*What is required*. Leaving the pictures aside, transcribe the data below exactly.

*Data below*.

━━━━━━━━━━━━━━━━━━━━

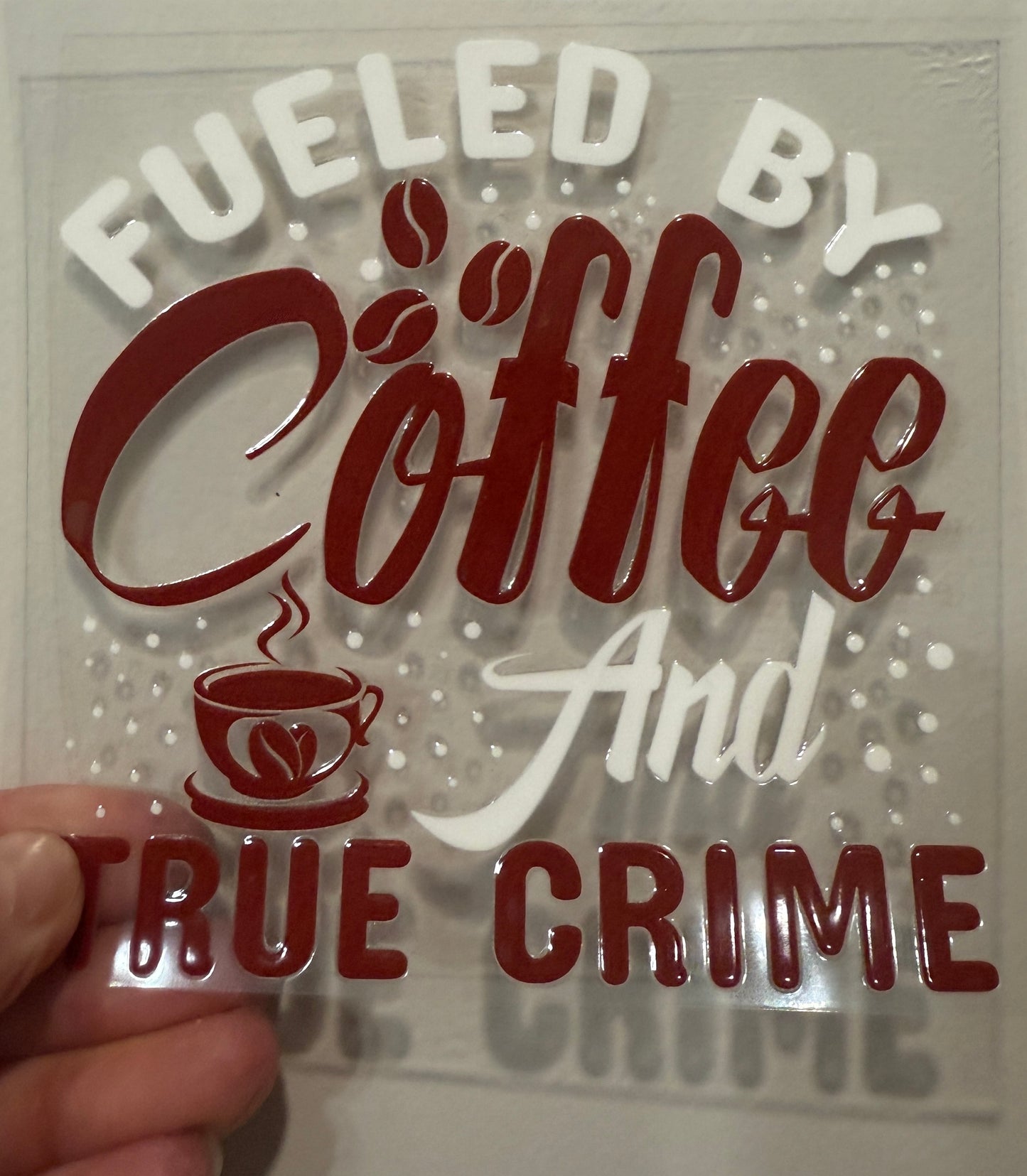 19G Fueled By Coffee And True Crime 4” UV DTF Decal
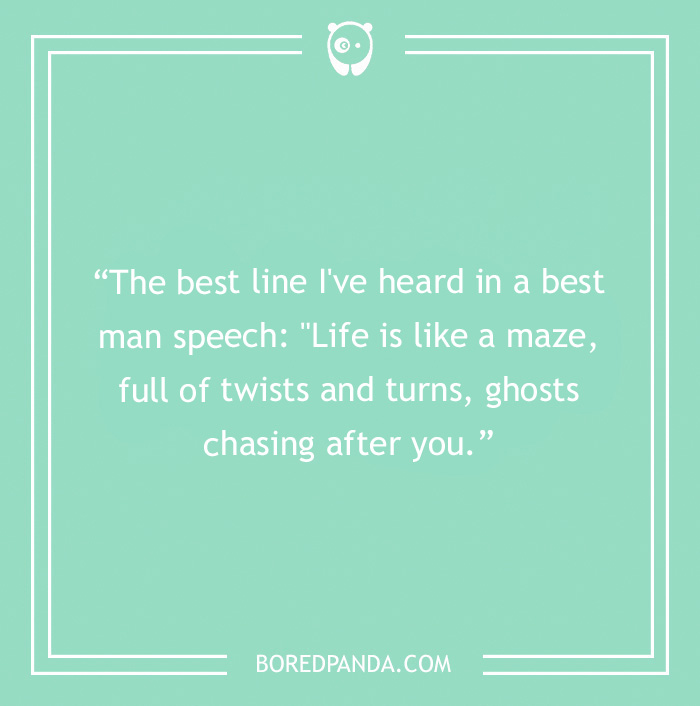 Quote on a teal background about the best man speech with jokes involving life twists and turns for wedding humor.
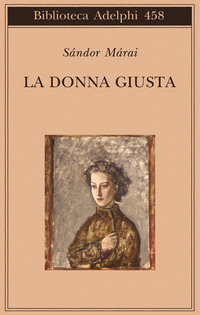 Libro donna giusta di Sándor Márai - ean 9788845918728 - Adelphi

━━━━━━━━━━━━━━━━━━━━

*Written answer*.
 19G Fueled By Coffee And True Crime 4” UV DTF Decal
 Quote on a teal background about the best man speech with jokes involving life twists and turns for wedding humor.
 Libro donna giusta di Sándor Márai - ean 9788845918728 - Adelphi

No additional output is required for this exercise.